Notes on the notes:

*. power: army. Alarm: trumpet signal to advance.

7-8. dear: dearly. bought / Thy likeness: paid for his resemblance to you.

10. yield thee: surrender yourself.

13. Lord Stafford's death: According to Holinshed (Bullough, IV, 190-91), Hotspur and Douglas, intent on killing the King, "gave such a violent onset upon them that stood about the kings standard, that slaieng his standard-bearer sir Walter Blunt, and overthrowing the standard, they made slaughter of all those that stood about it, as the earle of Stafford, that daie made by the king constable of the realme, and diverse other."

16. breathless: i.e., dead.

21. Semblably furnish'd: similarly armed and dressed (to serve as a decoy).

22. A fool go with thy soul: i.e., May the stigma of "fool" accompany your soul (for having dressed as a decoy of King Henry).

25. The King hath many marching in his coats: A common stratagem. Coats = vests worn over armor embroidered with a coat of arms.

27. wardrop: wardrobe.

29. stand full fairly for the day: i.e., seem in an auspicious position, likely to win the victory.

30. shot-free: i.e., without paying the shot, or tavern bill.

31. scoring: (1) cutting; (2) marking up of charges, by notches on a stick or on the inn door.

33. Here's no vanity: i.e., (ironically) If this doesn't show what I was saying about honor, then nothing does. Vanity = trifling.

38. town's end: i.e., the city gate (where beggars congregated).

45. Turk Gregory: Turk is an abusive term signifying a tyrant, and Gregory refers probably to Pope Gregory XIII, who was assumed to have encouraged the Massacre of Saint Bartholomew [1572], in which many French Protestants were slain.

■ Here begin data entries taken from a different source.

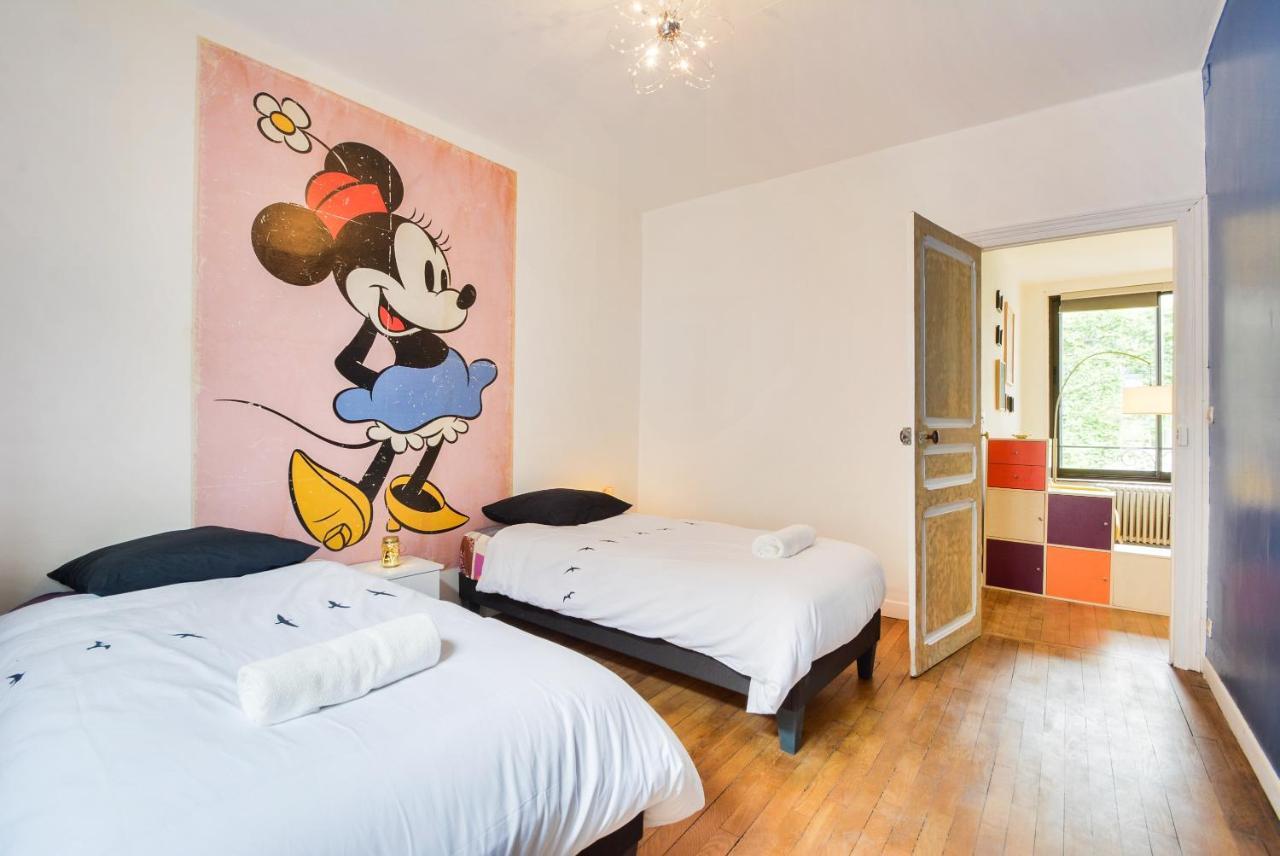 Appartement L'Appart Des Etats I - à Nancy Extérieur photo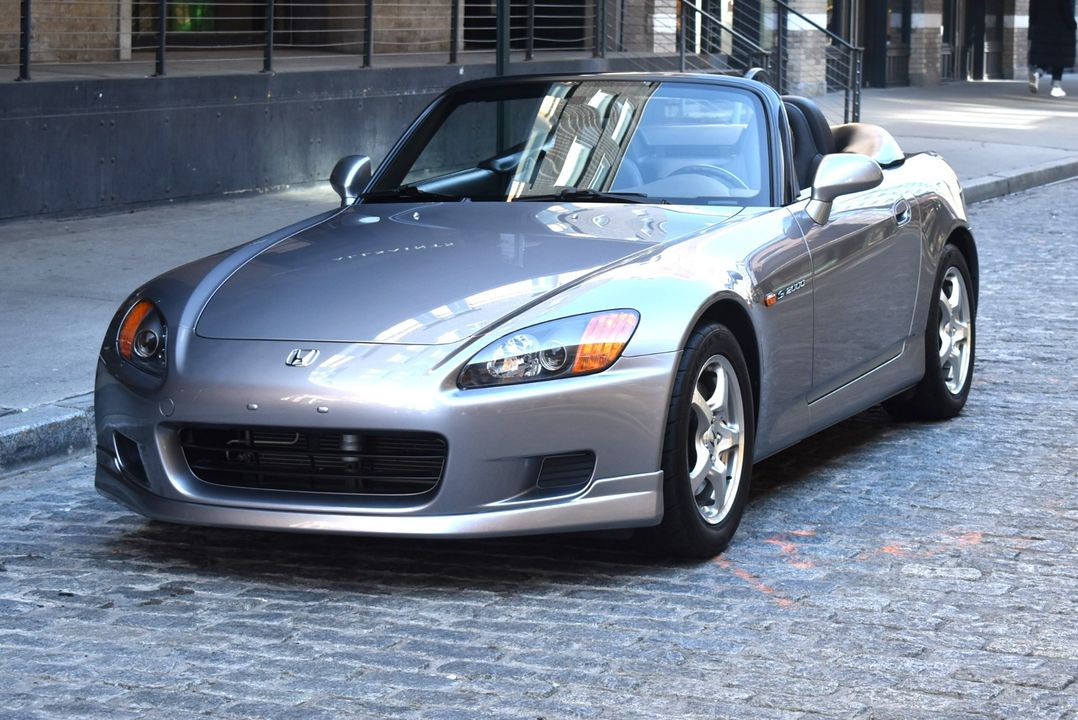2003 Honda S2000 -10,106 Miles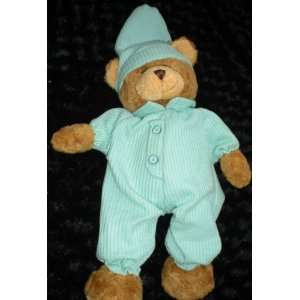  15 Plush Sleep Time Teddy Bear in Pajamas Toy Toys 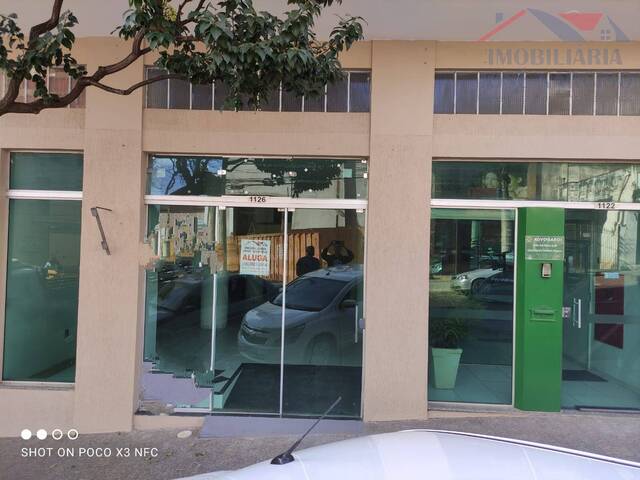 #1617 - Ponto Comercial para Venda em Dracena - SP - 1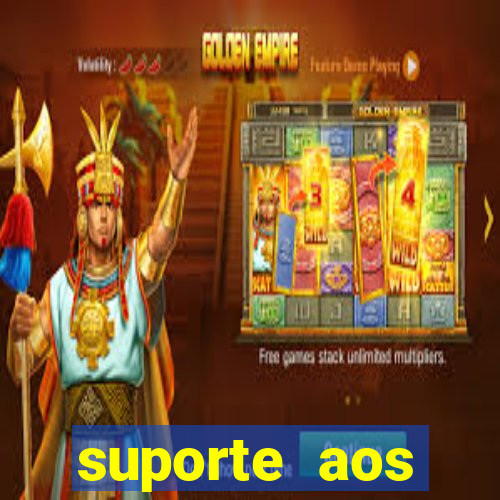 suporte aos clientes de jogos online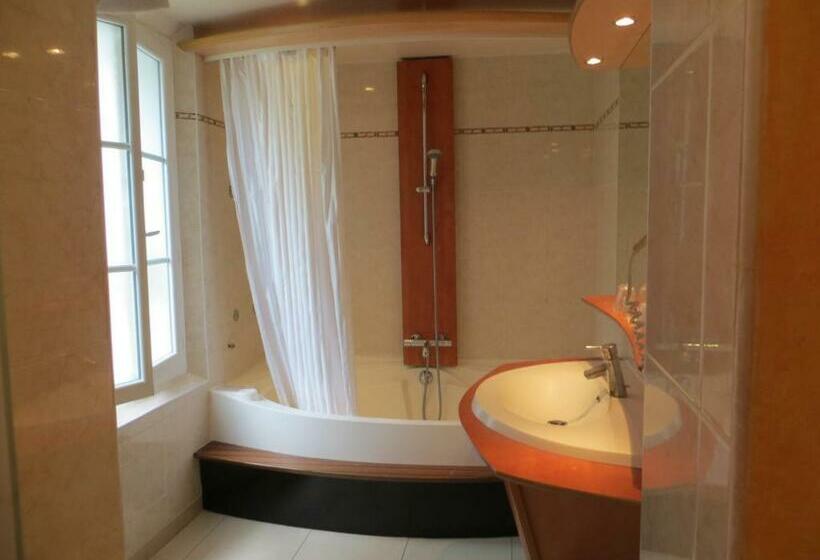 غرفة سوبيريور, Le Mas De La Frigoulette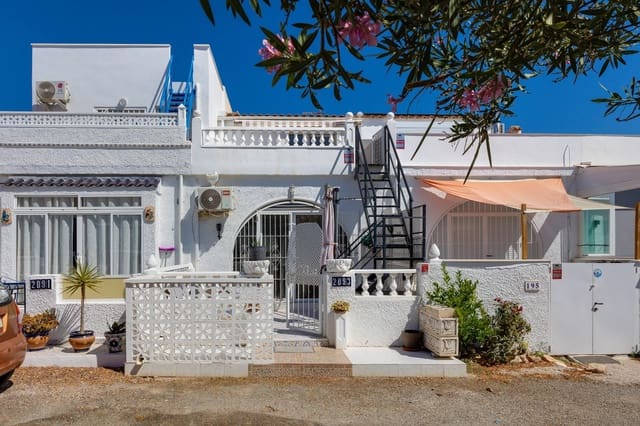 2 soveværelse Bungalow til salg i San Luis, Torrevieja - € 119.990 (Ref: 9129721)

46-47. paid: settled with; i.e., killed. made him sure: made sure of him. (But Prince Hal takes sure in a different sense, meaning "safe.")

48. He is: i.e., he is sure (to be alive and dangerous).

53. hot: Falstaff implies he has been firing at the enemy.

56. pierce: Pronounced perse. Elizabethan pronunciation rendered the pun more obvious than it is now.

57. so: well and good.

58. carbonado: meat slashed across for broiling.

61. there's an end: (1) that concludes the subject of my catechism (see 5.1.129-140); (2) thus life ends.